In machine learning problems, evaluating a model is as important as building one. Without evaluation, the whole process of formulating the business problem and creating a machine learning model for it goes in vain. In one of my previous articles, I have mentioned the critical aspects of the Confusion Matrix. ROC(Receiver Operating Characteristic) curve is likewise one such tool to identify the suitability of a classification model. It’s a curve that can assist us with seeing how best we can recognize two comparative reactions. For example, distinguishing if the email is spam? These reactions change dependent on the business problem that we are attempting to settle. Subsequently, an appropriate comprehension of what the ROC curve is can make our work more agreeable now and again.

What is a classification model?

Classification is a problem where it uses machine learning algorithms that learn how to assign a class if given data. Here, Classes are also called targets/labels or categories. A classification model attempts to draw some conclusions from observed values. Given one or more inputs, a classification model will commit to predict the worth of one or more outcomes.

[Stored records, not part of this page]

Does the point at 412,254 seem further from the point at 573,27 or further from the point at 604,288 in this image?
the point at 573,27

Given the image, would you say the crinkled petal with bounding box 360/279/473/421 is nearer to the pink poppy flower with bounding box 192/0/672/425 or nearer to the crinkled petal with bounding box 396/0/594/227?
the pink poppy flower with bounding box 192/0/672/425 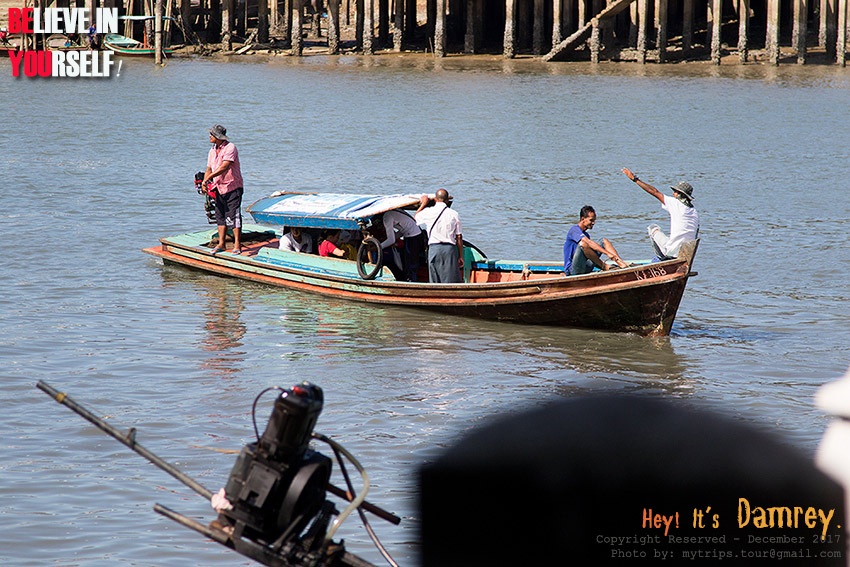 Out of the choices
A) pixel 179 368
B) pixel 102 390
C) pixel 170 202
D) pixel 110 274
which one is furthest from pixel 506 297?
pixel 170 202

What is the Auc – Roc curve?

AUC-ROC curve may be a performance measurement for the classification problem at various threshold settings. ROC curve would be a likelihood curve and AUC addresses the degree or proportion of separability. It tells how much the model is fit for distinguishing between classes. The higher the AUC, the better the model is at predicting 0’s as 0’s and 1’s as 1’s. By relationship, the higher the AUC, the better the model is at recognizing patients with the infection and no illness.  

The ROC curve plots two parameters:

  • True positive Rate
  • False-positive Rate

True positive rate(TPR) is an alternative name of sensitivity which is defined as, When the actual value is positive, how often is the positive prediction is correct?

I.e True positive Rate = TP/(FN+TP)

False Positive Rate(FPR) False Positive Rate is defined as how often is the positive prediction incorrect when the actual value is negative? 

I.e False Positive Rate = FP/(TN+FP)

A Roc curve plots the true positive rate versus the false positive rate at various classification thresholds. cutting down the classification threshold classifies more things as positive, thus increasing both False-positive and True Positives. The following figure shows a regular ROC Curve. 

TP vs. FP rate at different classification thresholds.

To compute the points in a ROC curve, we could evaluate a logistic regression model many times with different classification thresholds, however, this would be insufficient. Luckily, there’s an efficient, arranging-based algorithm that can give this information for us, called AUC.

AUC: Area Under the ROC Curve

AUC means ”Region under the ROC curve.” That is, AUC estimates the whole two-dimensional zone under the whole ROC curve. 

AUC (Area under the ROC Curve).

AUC gives a total proportion of performance across all possible classification thresholds. One method of interpreting AUC is the likelihood that the model ranks a random positive example more exceptionally than a random negative example. For example, given the following examples, which are arranged from left to right in ascending order of logistic regression predictions: 

Predictions ranked in ascending order of logistic regression score.

AUC addresses the likelihood that a random positive(green) example is positioned to the right of a random negative(red) example. 

AUC goes in esteem from 0-1. A model whose predictions are 100% wrong has an AUC of 0.0; one whose predictions are 100% correct has an AUC of 1.0.

AUC is adviseble for the following two reasons:

  • AUC is scale-invariant. It estimates how well predictions are positioned, instead of  their absolute values.
  • AUC is classification-threshold-invariant. It estimates the quality of the model’s predictions regardless of what classification threshold is chosen.

However, both these reasons come with caveats, which may ristrict the value of AUC in certain use cases:

  • Scale invariance is not always advisable. For example, here and there we truly need well-calibrated likelihood yields, and AUC won’t inform us concerning that.
  • Classification-threshold invariance is not always adviseble. In situations where there are wide differences in the expense of false negatives versus false positives, it might be critical to minimize one type of classification error. For example, when doing email spam detection, you probably need to prioritize minimizing false positives (regardless of whether that outcomes in a huge increment of false negatives). AUC is certifiably not a helpful measurement for this kind of optimization.